YOUR INSTRUCTIONS: Each line below should be repeated exactly as it stands.

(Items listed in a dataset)
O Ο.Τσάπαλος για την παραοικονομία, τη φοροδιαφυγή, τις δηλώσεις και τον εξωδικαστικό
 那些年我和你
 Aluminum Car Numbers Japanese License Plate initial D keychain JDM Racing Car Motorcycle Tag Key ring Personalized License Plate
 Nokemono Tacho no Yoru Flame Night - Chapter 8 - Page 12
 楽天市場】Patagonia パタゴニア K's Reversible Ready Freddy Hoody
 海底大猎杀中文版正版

SOLUTION TO THE EXERCISE:
O Ο.Τσάπαλος για την παραοικονομία, τη φοροδιαφυγή, τις δηλώσεις και τον εξωδικαστικό
 那些年我和你
 Aluminum Car Numbers Japanese License Plate initial D keychain JDM Racing Car Motorcycle Tag Key ring Personalized License Plate
 Nokemono Tacho no Yoru Flame Night - Chapter 8 - Page 12
 楽天市場】Patagonia パタゴニア K's Reversible Ready Freddy Hoody
 海底大猎杀中文版正版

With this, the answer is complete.